Вскоре к делу была подключена идеология. В 1938 году Смирнов осудил всю традицию организованных поездок иностранцев по СССР, намекая и на то, что это было предприятие для «подкармливания и прикармливания» иностранцев{930}. И все-таки даже в такой атмосфере некоторые мероприятия ВОКСа за границей еще проводились — усилиями уполномоченных Общества, находившихся в разных странах. Однако в 1939 году сфера деятельности ВОКСа, по некоторым свидетельствам, сузилась до всего лишь шести стран. По словам Смирнова, «основные связи ВОКСа были растеряны» и «работа ВОКСа стала замирать». Разрыв преемственности был настолько глубоким, что организация под тем же названием, которая будет сформирована в военные и первые послевоенные годы, может рассматриваться как существенно иное учреждение. Семпер постоянно вызывали на собеседования с агентами НКВД по поводу контактов ВОКСа с иностранцами. В 1938 году она уволилась: «Стало совсем скучно. ВОКС перестал быть тем, чем он был»{931}.

Зарубежную деятельность советской культурной дипломатии, конечно же, значительно затруднили и идеологические последствия показательных процессов и репрессий. Традиции, культивировавшиеся в ВОКСе Аросевым (в ходу даже было словцо «аросевщина»), и его «вредительские» действия напрямую связывались с ослаблением контроля над обществами дружбы на Западе. Пока сфабрикованные дела троцкистов раскручивали все новые репрессии внутри страны, иностранные левые и прежние симпатизанты СССР выражали искреннее сочувствие изгнанному революционеру, нашедшему пристанище в Мексике. Среди них в особенности заметны были нью-йоркские интеллектуалы и многие лица, связанные с Американским комитетом по защите Льва Троцкого — организацией, которая начала работу под председательством Джона Дьюи после первого советского показательного процесса конца 1936 года. Неудивительно, что о присутствии «троцкистов» в Нью-Йорке с нажимом говорилось в отчете, осуждавшем «аросевщину»{932}.

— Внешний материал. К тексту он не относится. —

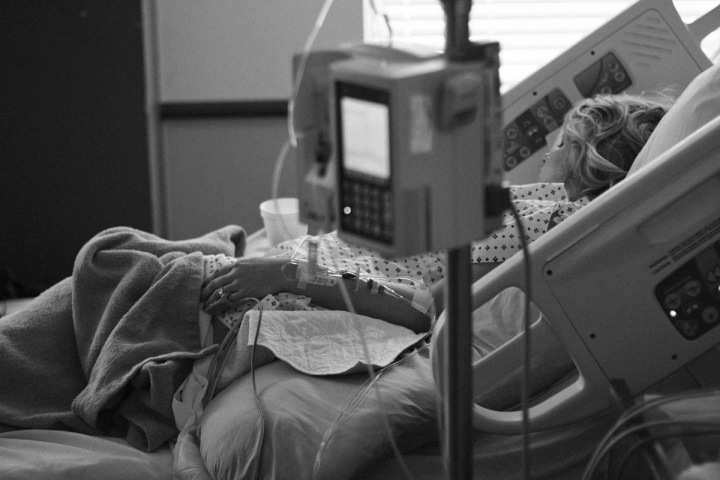 Koronavirus zabíjí pacienty po celém světě. Koronavirus zabíjí pacienty po celém světě.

Усилия уполномоченного ВОКСа в США Константина Уманского, высокопоставленного дипломата в Вашингтоне, назначенного на должность посла в 1939 году, были типичными попытками решения проблем, с которыми сталкивались способные и энергичные советские чиновники, работавшие за границей. В свое время Уманский являлся корреспондентом ТАСС в Риме и Париже, а позже, в начале 1930-х, возглавлял отдел печати НКИД (подвергая цензуре сообщения иностранных корреспондентов как раз в годы смертоносного голода). После переезда в Вашингтон в 1936 году он стал выступать за то, чтобы перенести центр тяжести советской «культурно-политической работы» из Европы в Соединенные Штаты — в продолжение советского поворота от Берлина к Парижу и Западной Европе, начавшегося около 1933 года. Как отметил несколько лет назад один из историков, вскоре после прибытия в 1936 году Уманского в Штаты «президент Рузвельт через государственного секретаря приказал директору ФБР Гуверу провести расследование относительно потенциальных зарубежных связей фашистских и коммунистических групп в США. Поездки советского советника посольства Константина Уманского вызывали у президента особую озабоченность»{933}. В частности, Уманский ездил в Нью-Йорк, где у него были дела именно по линии ВОКСа.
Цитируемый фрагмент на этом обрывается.